Egypt, Ethiopia, Sudan resume Nile dam talks
The Grand Ethiopian Renaissance Dam in Guba, Ethiopia, on February 19, 2022. Ethiopia's massive hydro-electric dam project on a tributary of the Nile had raised regional tensions notably with Egypt, which depends on the huge river for 97 percent of its water supply | Credit | AFP

Egypt announced on Sunday that negotiations had resumed over Ethiopia’s controversial mega-dam, after agreeing last month to reach a deal following years of tensions between the two countries.

For years at loggerheads over the issue, Egyptian President Abdel Fattah E l Sisi and Ethiopian Prime Minister Abiy Ahmed had agreed in July to finalise a deal within four months.

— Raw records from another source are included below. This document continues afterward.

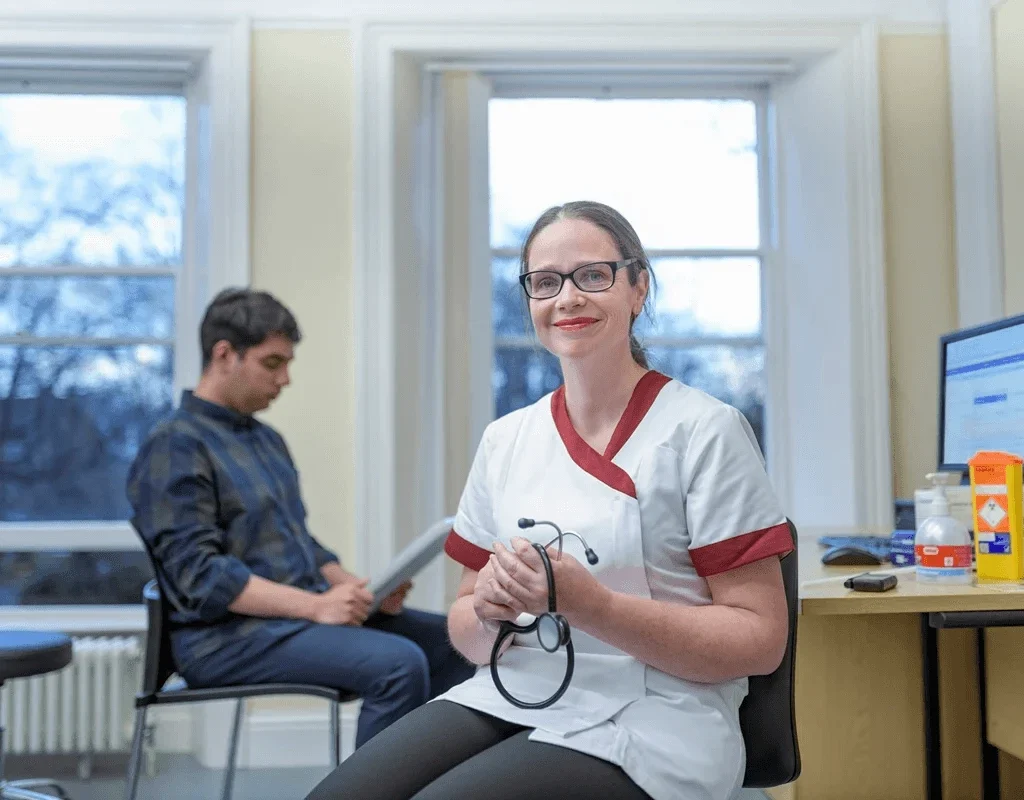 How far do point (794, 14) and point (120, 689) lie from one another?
2.89 metres

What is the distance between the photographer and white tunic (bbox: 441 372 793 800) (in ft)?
3.72

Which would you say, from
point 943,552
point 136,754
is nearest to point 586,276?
point 943,552

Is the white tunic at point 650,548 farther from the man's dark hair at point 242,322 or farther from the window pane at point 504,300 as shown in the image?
the window pane at point 504,300

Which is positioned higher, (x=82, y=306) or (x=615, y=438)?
(x=82, y=306)

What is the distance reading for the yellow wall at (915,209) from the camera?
3152 mm

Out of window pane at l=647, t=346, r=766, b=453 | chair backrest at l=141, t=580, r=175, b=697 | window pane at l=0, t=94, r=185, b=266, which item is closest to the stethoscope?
chair backrest at l=141, t=580, r=175, b=697

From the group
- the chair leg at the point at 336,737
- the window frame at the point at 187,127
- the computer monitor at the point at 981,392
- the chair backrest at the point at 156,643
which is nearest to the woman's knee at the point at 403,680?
the chair leg at the point at 336,737

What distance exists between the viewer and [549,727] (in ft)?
3.77

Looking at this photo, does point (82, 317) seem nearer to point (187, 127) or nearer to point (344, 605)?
point (187, 127)

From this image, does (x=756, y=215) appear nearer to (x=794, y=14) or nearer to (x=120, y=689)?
(x=794, y=14)

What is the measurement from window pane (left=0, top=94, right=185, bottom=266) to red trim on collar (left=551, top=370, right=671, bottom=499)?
2.35 meters

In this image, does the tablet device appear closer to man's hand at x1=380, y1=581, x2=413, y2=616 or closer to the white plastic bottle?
man's hand at x1=380, y1=581, x2=413, y2=616

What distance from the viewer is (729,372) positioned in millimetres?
3418

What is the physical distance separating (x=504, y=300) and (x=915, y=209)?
1323 millimetres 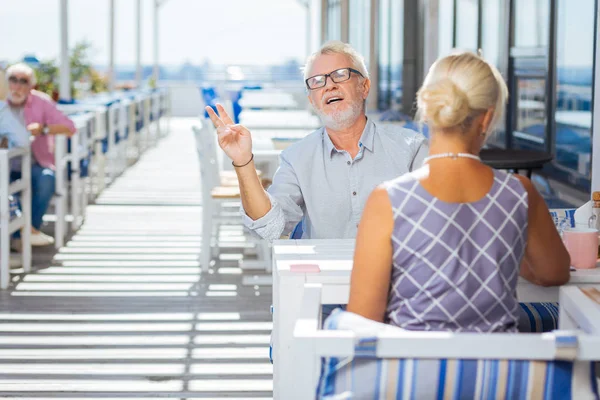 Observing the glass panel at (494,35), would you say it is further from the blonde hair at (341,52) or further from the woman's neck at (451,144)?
the woman's neck at (451,144)

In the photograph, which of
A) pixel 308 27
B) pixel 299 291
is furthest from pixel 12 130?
pixel 308 27

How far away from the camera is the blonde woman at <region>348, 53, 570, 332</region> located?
1503 millimetres

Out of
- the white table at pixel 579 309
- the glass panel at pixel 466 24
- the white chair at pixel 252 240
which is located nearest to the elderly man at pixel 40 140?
the white chair at pixel 252 240

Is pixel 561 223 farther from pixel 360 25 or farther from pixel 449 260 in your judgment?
pixel 360 25

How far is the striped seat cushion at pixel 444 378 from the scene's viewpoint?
4.29 feet

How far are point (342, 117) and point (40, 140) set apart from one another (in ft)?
12.5

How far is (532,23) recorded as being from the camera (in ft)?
17.9

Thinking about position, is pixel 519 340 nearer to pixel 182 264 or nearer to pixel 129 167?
pixel 182 264

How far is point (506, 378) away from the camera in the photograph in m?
1.32

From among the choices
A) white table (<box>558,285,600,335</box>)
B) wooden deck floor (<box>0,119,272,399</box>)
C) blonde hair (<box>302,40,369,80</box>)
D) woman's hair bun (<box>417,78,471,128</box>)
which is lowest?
wooden deck floor (<box>0,119,272,399</box>)

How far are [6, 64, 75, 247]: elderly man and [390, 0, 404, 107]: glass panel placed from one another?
4289mm

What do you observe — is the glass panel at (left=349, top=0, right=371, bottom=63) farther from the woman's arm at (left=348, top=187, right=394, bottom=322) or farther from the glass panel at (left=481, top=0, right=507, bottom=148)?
the woman's arm at (left=348, top=187, right=394, bottom=322)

The two leaders met on the sidelines of a summit of African leaders from war-torn Sudan’s neighbours seeking to end the conflict that has raged there for over four months.

“A new round of negotiations on the Renaissance Dam began Sunday morning in Cairo, with the participation of the Egyptian, Sudanese and Ethiopian delegations,” the Egyptian Ministry of Water Resources and Irrigation announced.

The massive $4.2 billion Grand Ethiopian Renaissance Dam (GERD) has been at the centre of a regional dispute ever since Ethiopia broke ground on the project in 2011, with Egypt fearing it will slash its share of Nile water.

The current talks aim to reach an agreement that “takes into account the interests and concerns of the three countries”, Egyptian irrigation minister Hani Sewilam said, urging “an end to unilateral measures”.

Ethiopia announced in June it was launching the fourth filling of the reservoir, despite constant objections by Egypt and at times Sudan, both downstream of Ethiopia on the Nile.

Protracted negotiations over the filling and operation of the dam since 2011 have thus far failed to bring about an agreement between Ethiopia and its downstream neighbours.

Egypt has long viewed the dam as an existential threat, as it relies on the Nile for 97 per cent of its water needs.

The dam is nonetheless central to Ethiopia’s development plans, and in February 2022 Addis Ababa announced that it had begun generating hydroelectric energy for the first time.